Europe’s Baltics are bracing for cyberattacks as they plan to decouple from a Soviet-era joint power grid with Russia and Belarus in 10 days’ time.
Lithuania, Latvia and Estonia will flip the switch on Feb. 9, disconnecting themselves from a regional electricity grid known as BRELL, and will switch to a European Union regional network instead. The move has been years in the making — but now that the time has come, security officials are bracing for retaliation from Moscow.
“Estonia has prepared for many possible risk scenarios regarding our departure from BRELL, including cyberthreats,” Gert Auväärt, head of Estonia’s Cyber Security Centre, told POLITICO in a written response.
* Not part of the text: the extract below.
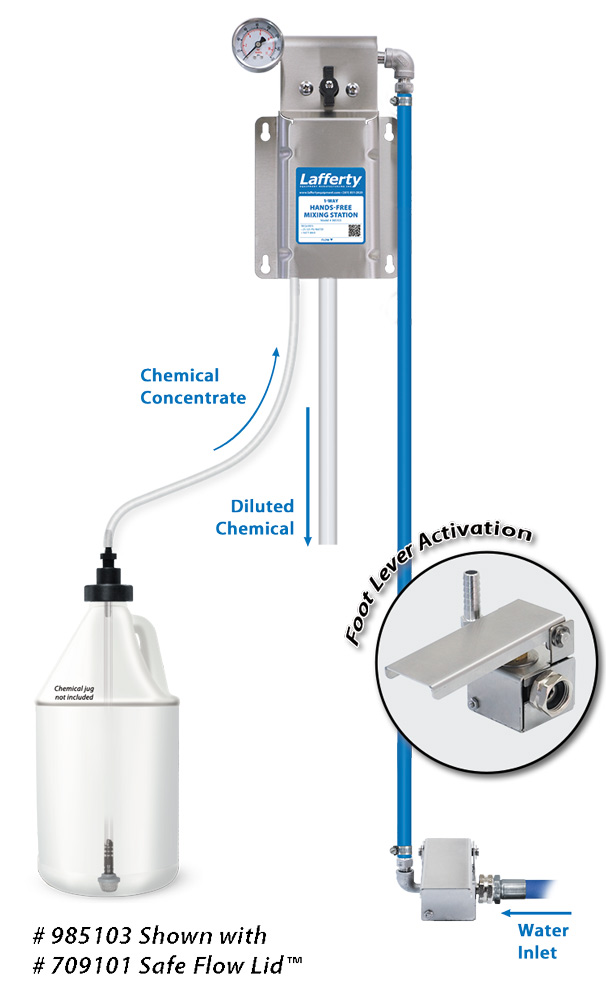 LLC Lafferty - 985103 1-Way | Equipment Manufacturing, Hands-Free Station Mixing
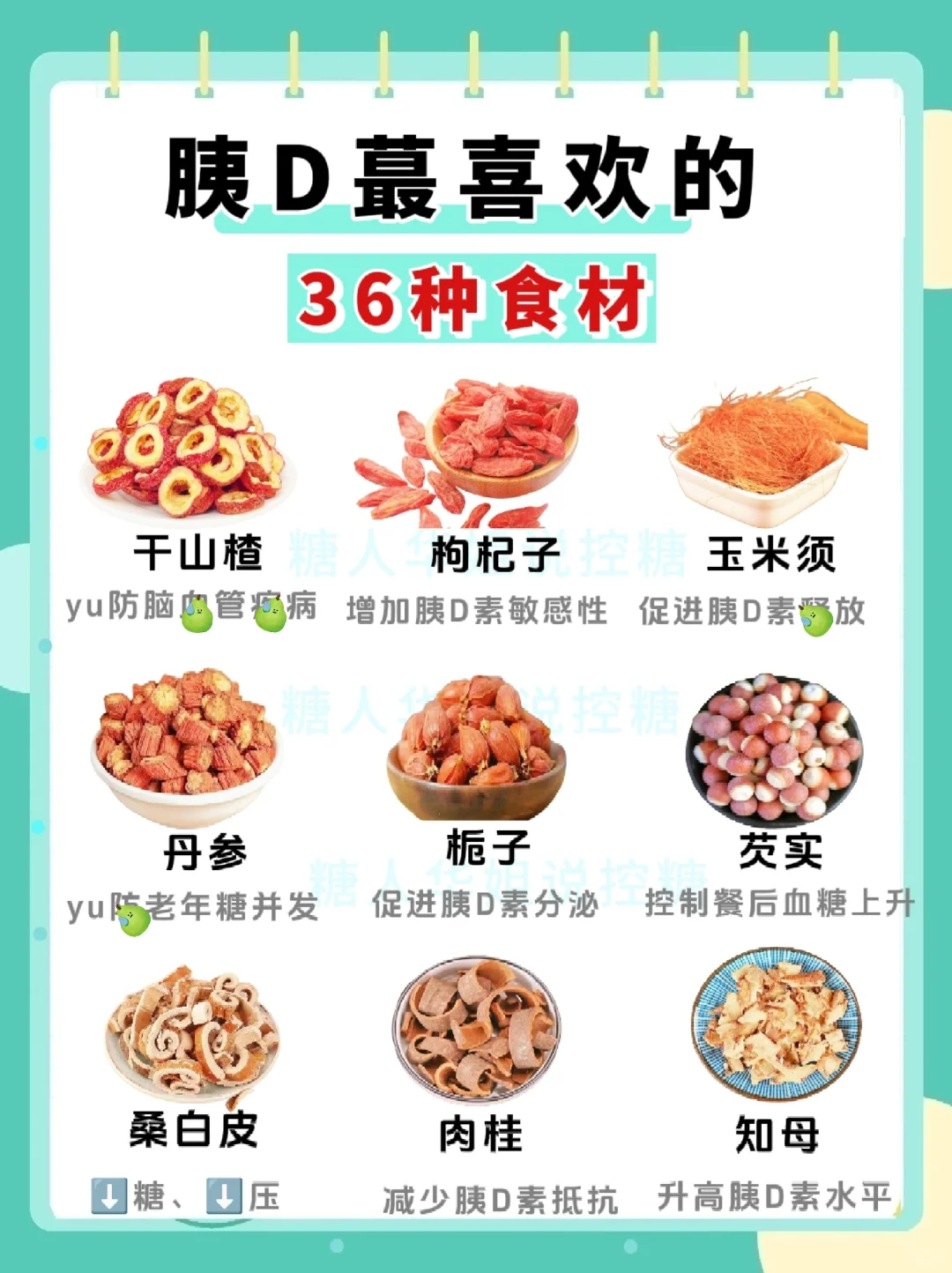 ☑️适合控糖人的36种食物，简单易做又稳糖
He said the country is ready to call in its cyber reserve, which includes the Estonian Defence League’s cyber unit, a volunteer group of cyber defenders.
His agency has advised energy companies on how to prepare and has experts on hand “24/7” in case of a serious incident, Auväärt said, adding Estonia is working with Latvia and Lithuania on the threat.
Žygimantas Vaičiūnas, Lithuania’s energy minister, said in an interview he expects the switch to be a “smooth process,” but that authorities are nonetheless “prepared for even the worst-case scenarios on the technical level.” A spokesperson for Lithuania’s Energy Ministry said it has taken “additional actions and plans to increase our preparedness.”
Erkki Sapp, member of the management board of Elering, Estonia’s state-owned gas and power grid operator, said it had taken extra precautions such as removing virtual private network (VPN) access for external companies that maintain its systems. The Estonian state “has prepared and takes this very seriously,” he said.
It’s not just cyberattacks the Baltics are preparing for: Sapp said the grid operator was “limiting access to [their] premises,” while Vaičiūnas added Lithuania had set up new “anti-drone systems and … physical protection barriers” around key energy infrastructure.
Baltic energy operators “should absolutely batten down the proverbial hatches,” said Joe Marshall, senior security strategist at Cisco’s Talos cyber threat intelligence division.
“Russia is one of the few nation states on Earth that has actively meddled in the power grids of another sovereign nation,” Marshall said. “They clearly have the means, the capability, the knowledge to conduct [such] a cyber operation … that [fact] can never be overlooked, unfortunately.”
Russian state-linked hacking groups have ramped up cyberattacks against Ukraine’s energy system since Moscow’s full-scale invasion in 2022, but lately have also extended that campaign to the rest of Europe, especially the eastern and Baltic countries, cyber researchers have flagged.
Moscow has even deployed one of its most elite hacking groups, known as Sandworm, to that task, according to Google. “Actors like Sandworm who have taken down the grid in Ukraine have also been probing the rest of Eastern Europe for years … They shouldn’t be taken lightly, especially now,” said John Hultquist, chief analyst at Mandiant, Google’s cyber defense and threat intelligence firm.
As the Baltics take a deep breath before the plunge, they are also battling suspected Russian sabotage of subsea energy and data cables in the Baltic Sea.
At a press conference this month announcing a new NATO program to tackle that problem, Estonian Prime Minister Kristen Michal said he suspected the ramped-up attacks on those cables are Russia’s way of reminding its Baltic neighbors that, despite their departure from the electricity system, it still looms large.
It “probably could be [the] intended message that the Baltics and Nordics do not live well and do not work well without Russia’s embrace,” he said.
“We will decouple anyway … because Russia is not a reliable partner.”